Data is not the New Oil

Data is not the new oil. It is infinite and unconstrained by geography. It is not destroyed when it is consumed and can be used simultaneously or repeatedly without degradation in quality. Countries should not try to regulate data like they regulate oil - by bringing it under their physical control. They should not only try and force big tech to share the datasets they have created, but also make the effort to learn what it takes to build datasets of our own—and then go about building them relevant to our context.

This article was first published in The Mint. You can read the original at this link.

On 6 May 2017, The Economist published an article that inserted itself into the zeitgeist like nothing that venerable publication had ever published before. It was titled ‘The Worlds Most Valuable Resource is No Longer Oil, But Data’, and dealt for the most part with the antitrust implications of Big Tech.
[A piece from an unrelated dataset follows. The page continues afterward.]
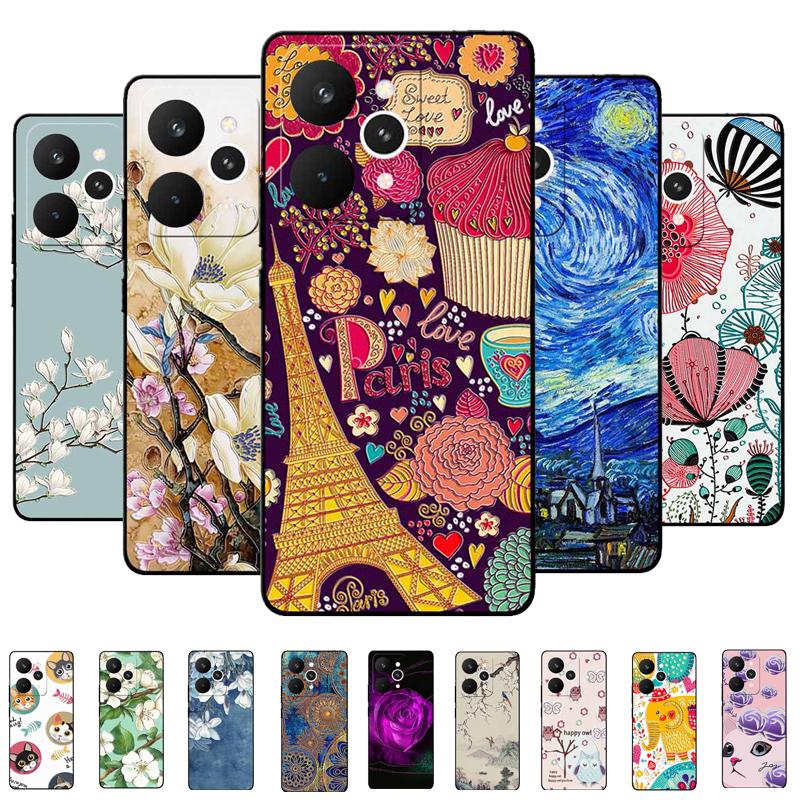 For Realme 15 Pro Cases 3D Relief Flower Emboss Black Silicone For Realme15 Pro 5G Back Cover Cartoon Funda Realme 15 Pro Bumper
So visceral was the analogy that the phrase “data is the new oil" became the defining metaphor of the digital age.

The Economist was trying to make a limited point—that all new industries grow rapidly when they start out, only to be eventually reined in by regulators once they get too big. They literally said as much in the opening lines of the article:

A new commodity spawns a lucrative, fast-growing industry, prompting antitrust regulators to step in to restrain those who control its flow. A century ago, the resource in question was oil. Now similar concerns are being raised by the giants that deal in data, the oil of the digital era.

But the analogy they hit upon was too powerful to remain confined to that narrow context. Before long, other parallels were being drawn—similarities between how tech smoothens the friction in our daily lives and the lubricant properties of oil—between the manner in which data fuels the modern economy just as oil did in the Industrial Age.

Oil has been so deeply integrated into the functioning of an economy for so long that its price has long been a key economic indicator. Oil companies were some of the most valuable on the planet, and—despite the dominance of tech giants—are still quite high up the order in terms of market capitalisation today. But Big Oil has been dwarfed by Big Tech companies, some of which are among the wealthiest corporate entities to ever have existed. This is at the heart of the comparison between the oil industry and the data industry, but it is also where the similarity ends.

Data like Oil

Despite the fact that Big Oil and Big Tech are among the most highly valued on earth, at their core the two industries couldn’t be more fundamentally different. Oil is a scarce natural resource extracted from deep inside the earth in a form that is largely useless until it has been thoroughly processed and refined. It is, by definition, finite—so much so that its market price fluctuates based on its availability. In its most common form, oil is a single-use product that literally has to be destroyed in order to release the energy that we use it for.

Data could not be more different. It is, for all practical purposes, infinite, limited only by our imagination—in terms of what exactly we want to measure and in how much detail. Unless fettered by regulation, it is unconstrained by geography—a fact borne out by the manner in which Big Tech companies collect data from all over the world without ever having to leave the shores of the countries in which they are based. Finally, not only is data not destroyed when it is consumed, modern data technologies excel at allowing the same item of data to be used by many different people, either simultaneously or again and again, without any degradation in quality. For all these reasons, the value of data bears no relationship with scarcity, the cost of extraction or the lottery of geography.

Which would suggest that in actual fact, data could not be more unlike oil.

Regulating Data Like Oil

This, unfortunately, is a nuance that seems to have escaped those tasked with its regulation. Around the world, more and more laws are seemingly being written on the presumption that datasets are scarce natural resources whose benefits need to properly accrue to those who have contributed their personal data to it. And, by extension, the countries in which they are resident. This appears to be the line of thinking behind many recent judicial and regulatory developments, such as the second Schrems decision in the European Union and India’s inclusion of data localisation provisions in its forthcoming privacy law. But this is an approach that fails to engage with the essential attributes of data, and, as a result, not only results in imperfect regulation, but also misses the opportunity to properly capitalise on all that data has to offer.

As long as the internet exists, data is capable of being accessed from anywhere. Regulations that require that data to be physically stored within the geographical boundaries of a particular country don’t take into account this essential attribute. We’d be far better off focusing on improving our ability to access all the data that we need, rather than assume that by forcing data to be localised, we will have access to all the data we want.

The How

Finally, it is important to recognise that there is more that goes into the value of a dataset than the elements of data of which it is comprised. It is far more useful to understand how to create a useful database than it is to amass many datasets that we don’t fully know what to do with. To do that it is essential to develop an understanding of how data is collected and arranged. Determining what to measure, how to collect it, and the fields of data with which it should be associated, is a specialised skill. As is ensuring that a database once created remains free of bias and usable.

Unfortunately, our regulation of data is so focused on asserting control over the datasets accumulated by Big Tech companies that we have forgotten that we also need to build this muscle. If we want data to power decision-making, we need to ensure that instead of simply lifting and shifting datasets, we actually make the effort to learn what it takes to build datasets of our own—and then go about building ones of our own, that are relevant to our context. It is only when we make this shift in our thinking that we will become a data-first economy.